In the DMA_TO_DEVICE case, you're not going to be modifying the data
to be DMA'd.  The DMA certainly is not going to modify the data it's
supposed to be reading.

So, reality is that reading and writing the "data" part including the
overlapping cache line should cause no problem to the DMA activity,
even if that cache line gets written back - the part that overlaps
the DMA data should _not_ modify that data.

More of an issue is the DMA_FROM_DEVICE case...

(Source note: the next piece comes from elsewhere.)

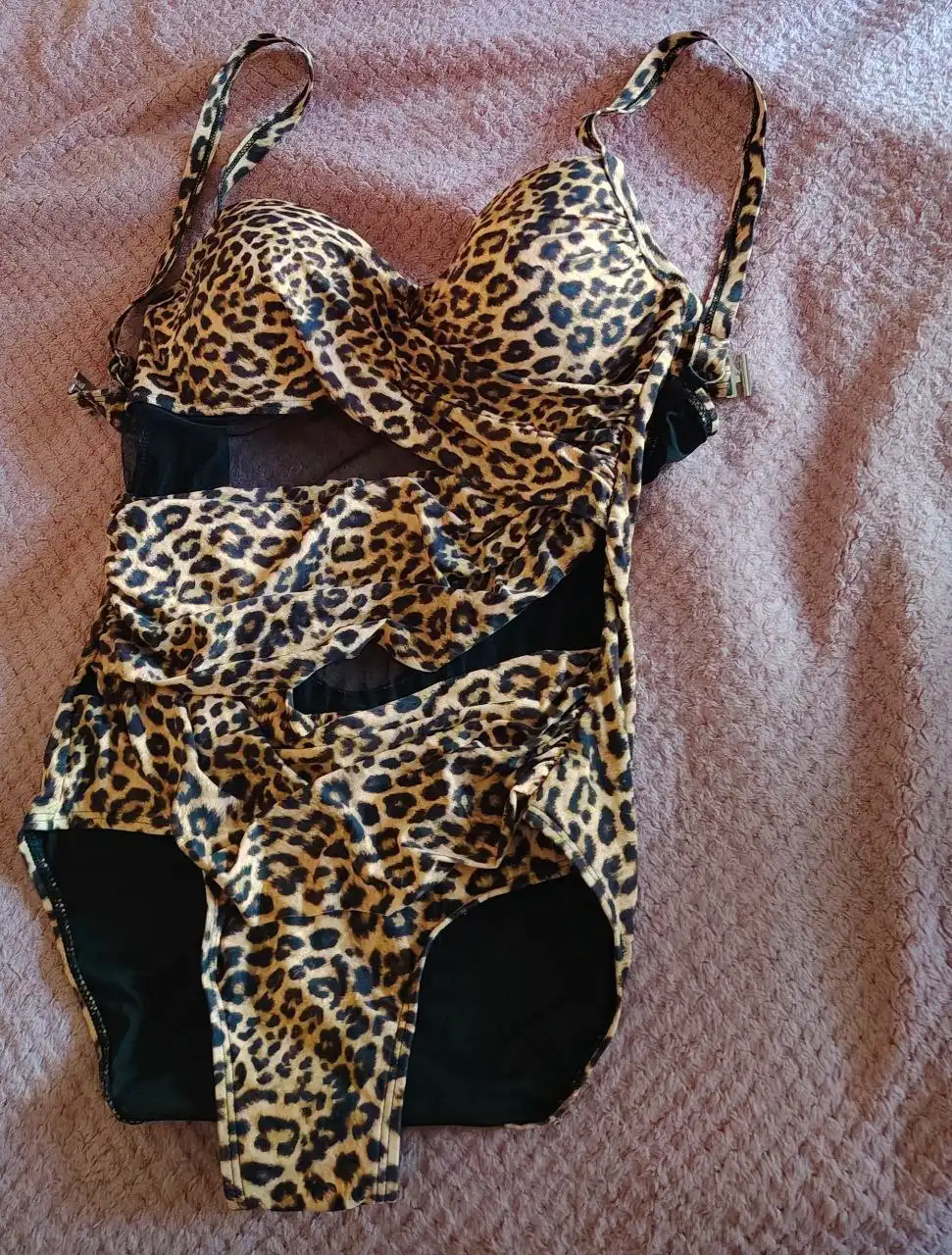 Продам купальник 46р - Купальники (Одежда) в Владивосток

> For the DMA_FROM_DEVICE direction, the cache line is invalidated when
> dma_unmap_single() is called, which means your nand_buffers content
> might be updated with what is present in SDRAM, but it shouldn't have
> changed since nand_buffers is only touched at initialization time (when
> the buffer is created).

This is exactly where it matters.  When mapping for DMA from the device,
we obviously have to ensure that we aren't going to have any writebacks
from the cache into the DMA area.  Since we don't know whether the
overlapping cache lines contain important data, we write those back, but
invalidate the rest of the buffer when mapping it.

Reading from those cache lines while DMA is in progress is pretty benign,
just like the DMA_TO_DEVICE case.  However, writing to those cache lines
while DMA is in progress is disasterous, because we end up with a choice:

1. if we invalidate the overlapping cache lines, we lose updates that
   the CPU has made.

2. if we write-back the overlapping cache lines, we lose updates that
   the DMA has made.

So either way, there is a data loss risk - there's no getting away from
that.  I've chosen to implement (2) in the ARM code, but either is
equally valid.  (I note in your description above that you think (1)
applies...)

The only solution to that is to avoid all writes to these cache lines
while DMA from the device is in progress.

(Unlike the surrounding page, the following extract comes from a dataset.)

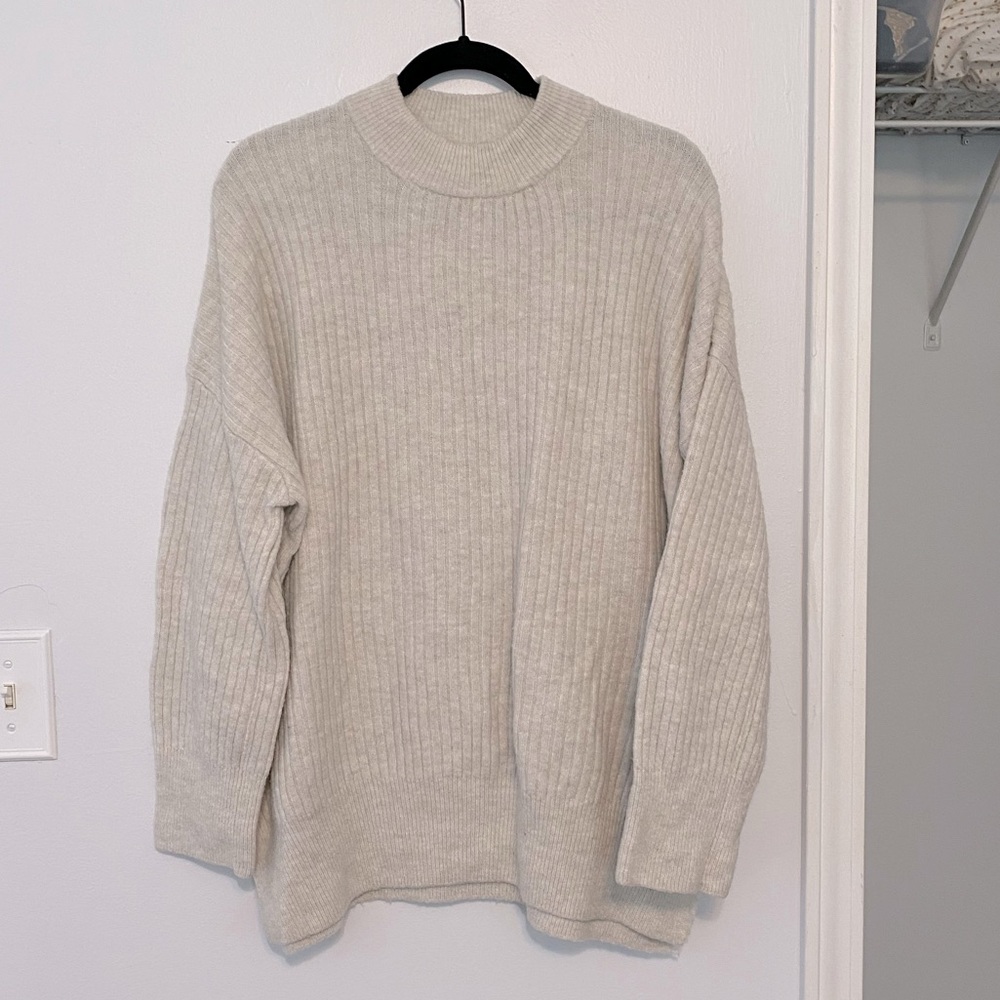 euc h&m oversized sweater☁️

> So, for our use case where nand_buffers is never modified between
> dma_map_single() and dma_unmap_single(), it should be safe to have
> non-cache line aligned buffers.

Correct, with the exception of what happens at unmap.

> Russell, please let me know if my reasoning is incorrect.
> Note that I'm not arguing against the new approach where we allocate
> each buffer independently using kmalloc (having cache line aligned
> buffers is definitely safer and does not imply any significant
> overhead), I just want to make sure I understand things correctly.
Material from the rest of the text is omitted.